В те годы редкие интеллигенты, которым повезло увидеть Париж, рассказывали нам о Жане-Поле Сартре, который, несмотря косоглазие и малый рост, был тогда в большой моде и гремел по всей Европе, и о его подруге Симоне де Бовуар, с которой он жил не как все нормальные люди, в общей квартире, а в незарегистрированном браке, в двух гостиничных номерах. Он редактировал литературный журнал “Les Temps Modemes”, и каждый напечатавшийся в нем становился знаменитым. Искусственная блондинка за «рейнметаллом» была для меня в тот момент недостижимой Симоной де Бовуар, а человек за дверями с мутным стеклом – куда важнее Жана-Поля Сартра. И меня поразило, что вместо косоглазого карлика, которого я ожидал, там оказался здоровенный мужик, похожий на моих деревенских родичей, с крепкими выдающимися скулами и крупными небесно-голубыми глазами, налившимися кровью после вчерашнего загула.

Я положил рукопись на стол этого крепкого мужика с небритой мордой, и он предложил мне сесть. Рассказал, что для нашего общества чрезвычайно важен каждый пишущий молодой человек, потому что среди них может оказаться и новый Шолохов, которого он уважал более всех прочих писателей, еще с ранней юности. Он был ветераном войны, и его однополчане, занимающие теперь важные посты, доверили ему руководить первым литературным журналом в республике, так как во время войны он редактировал в романийских селах стенные газеты. Для тех, кто не знает: стенная газета издавалась в единственном экземпляре, во всю ширину листа упаковочной бумаги под названием «крафт», и вывешивалась на стене; в ней была передовица, отпечатанная на пишущей машинке, портреты партизанских вождей, написанные от руки стихи, и часто в них помещались политические доносы, многим стоившие головы.
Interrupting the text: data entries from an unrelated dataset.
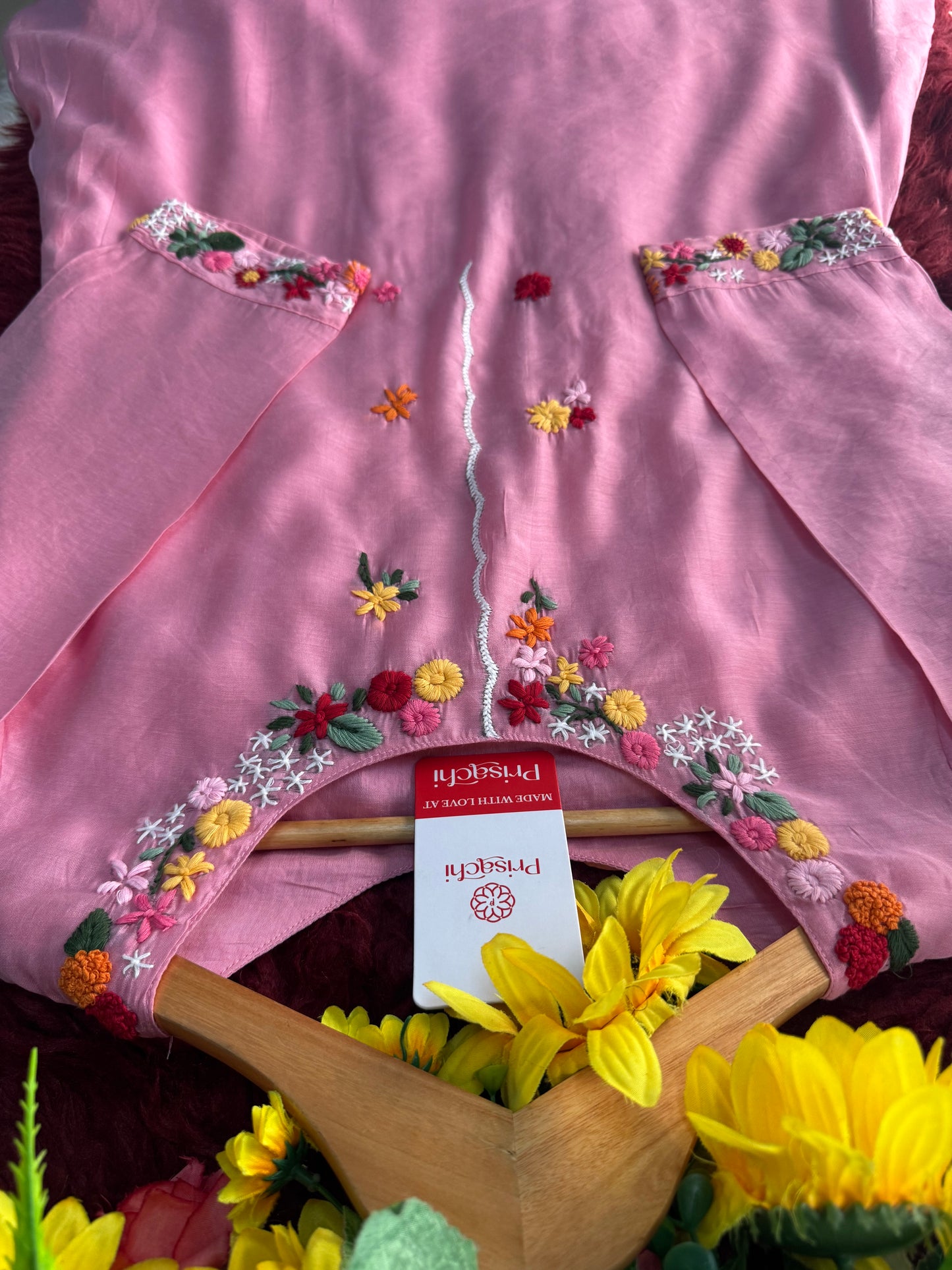 Pink Embroidered A-Line Ethnic Kurta Set with Dupatta & Pant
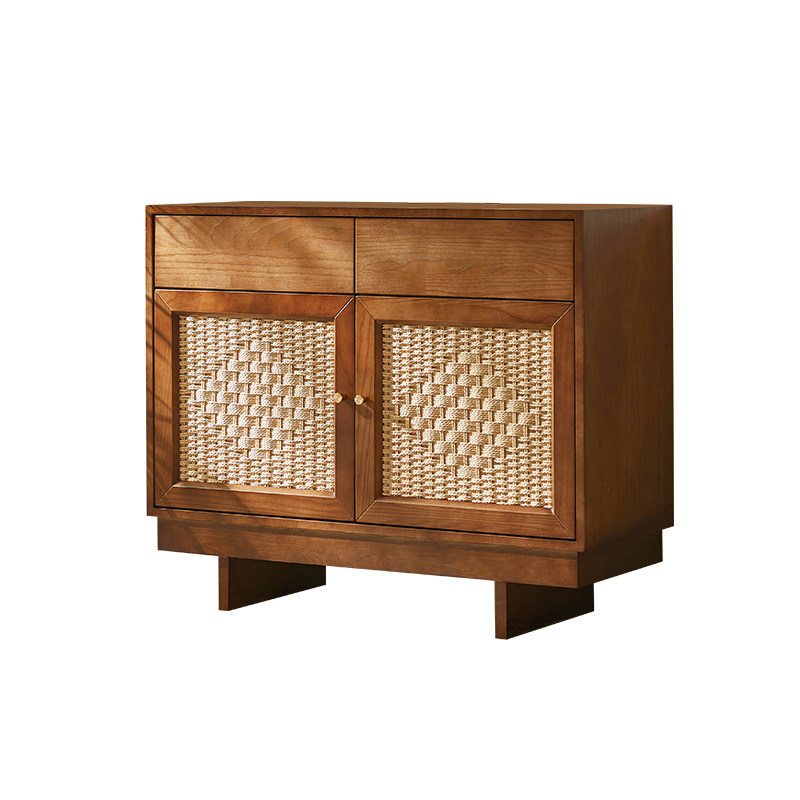 北欧实木餐边柜简约现代客厅茶水柜储物柜日式藤编玄关柜电视柜,淘宝优惠券,粉丝福利购,淘宝优惠卷
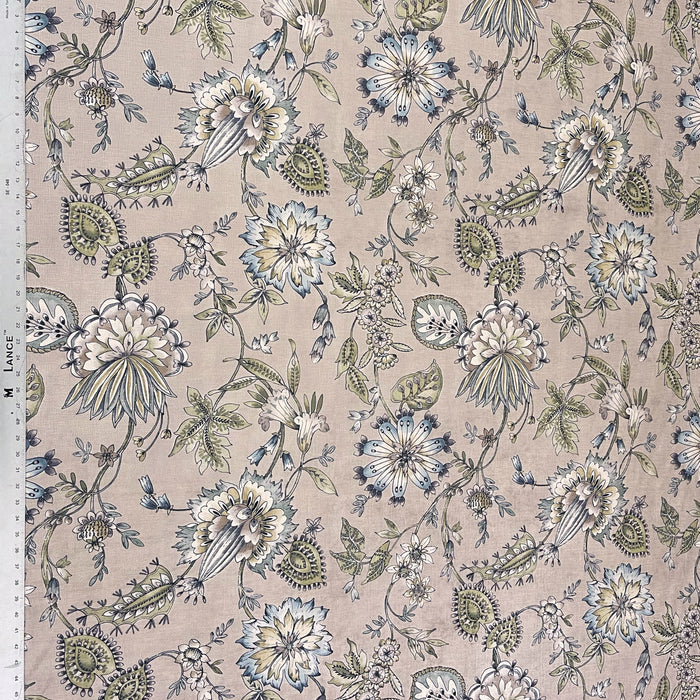 Floral patterned fabric with beige background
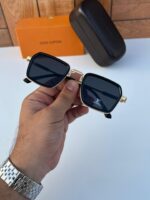 Louis Vuitton Classic Square Gold Sunglasses Black Lens - Image 2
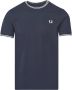 Fred Perry Heren T-shirt met dubbele streep decoratie Blue White Heren - Thumbnail 3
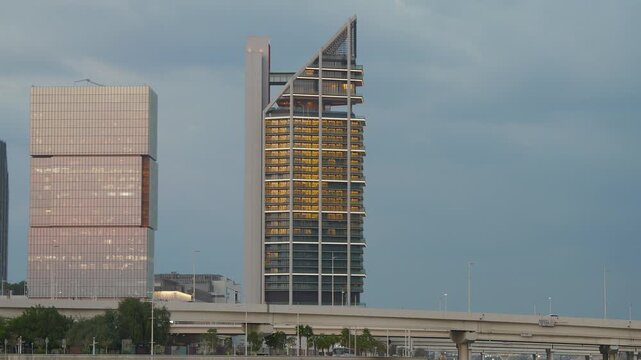 evening sunset time abu dhabi city new modern bay buildings exterior panorama 4k united arab emirates
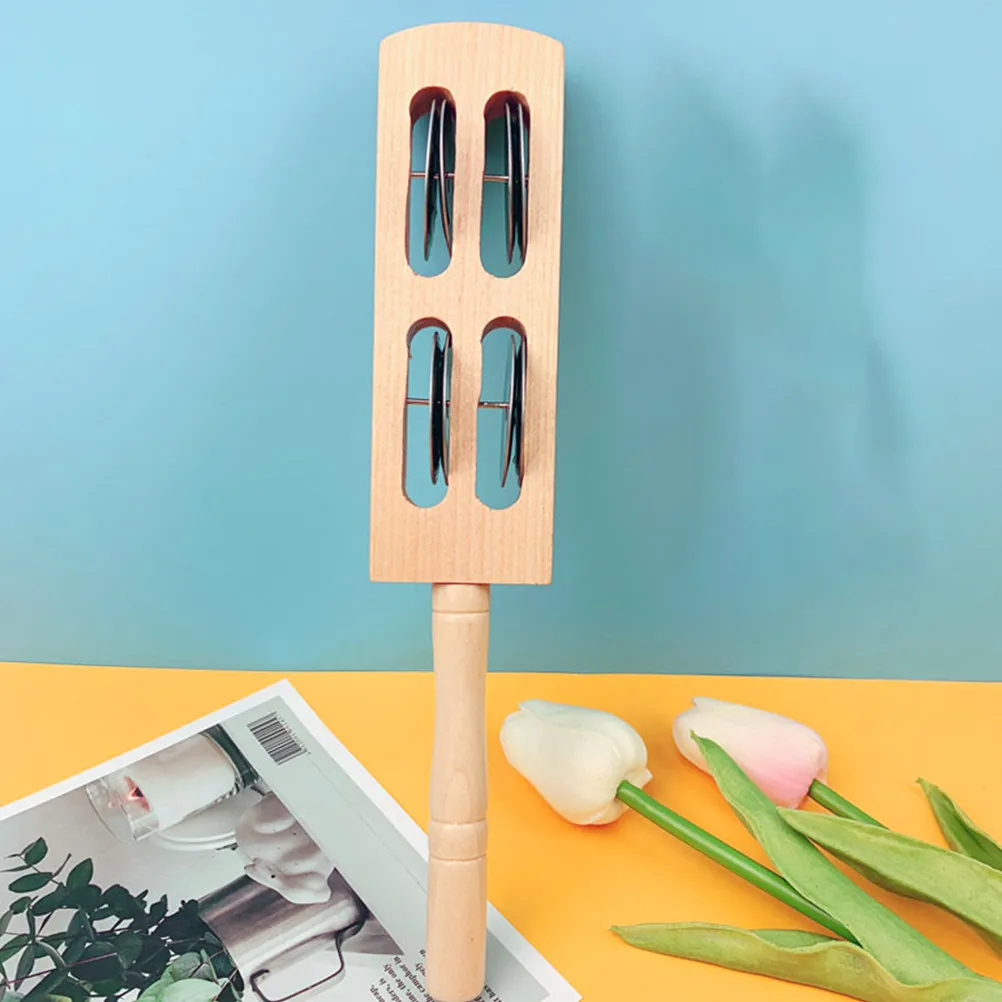 

2 шт. деревянные ручные колокольчики, развивающий музыкальный инструмент-шейкер для детей, ритмический перкуссионный инструмент для раннего обучения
Все эти листочки приклеивались на «крафт» гуммиарабиком – клеем из маленьких стеклянных бутылочек, на которых было написано «гуми арабикум – арабский клей».

Поскольку мне тогда было восемнадцать лет, этот мужик с гор казался мне очень старым, хотя вряд ли ему тогда было больше тридцати пяти. От него несло табаком, дешевой ракией и потом, а из ворота рубахи вылезали густые черные волосы, будто на нем была надета меховая нижняя рубаха. За немытыми стеклами редакторского кабинета красовался стройный силуэт сараевского Кафедрального собора.

Я пришел к нему не один. Со мной были Марк Твен, Чехов, Стивен Ликок, О. Генри, Джеймс Тербер, Уильям Сароян и многие другие мои учителя, которые с трепетом ожидали, чем завершится мое торжественное вступление в «Будущее». Я читал с детства, читал их под мигающими тусклыми лампочками в двадцать пять свечей, свет которых делает уродливым любое человеческое жилище, читал их в поездах и под партами мрачных классных комнат Первой мужской классической гимназии – учился у них, желая выкарабкаться из унижающей меня нищеты, чтобы в один прекрасный день мое имя напечатали такими же большими буквами, как их имена. В то время я действительно верил, что существуют два мира: один, в котором я вынужден жить, – кухонный мир столов, покрытых клеенкой, облупленных комодов и плит, на которых разогревается отвратительная безвкусная вчерашняя пища, безнадежная скука сараевских послеполуденных улиц и редкие интересные лица случайных проезжих через Сараево, которые иногда можно было увидеть за большими стеклами отеля «Европа» с салфетками на шеях, глядящими на нас, как мы тащимся мимо этого для нас великосветского места по вечному маршруту от Кафедрального собора, представлявшего псевдоготику Запада, до Башчаршии, которая служила преддверием псевдоориентальной экзотики. В моей молодой голове существовал другой мир, в котором жили полубоги – писатели вроде бородатого Хемингуэя и дека-дентствующего Фитцджеральда (темные блейзеры с золотыми пуговицами и светло-серые фланелевые брюки, ниспадающие на начищенные мокасины цвета гнилой вишни).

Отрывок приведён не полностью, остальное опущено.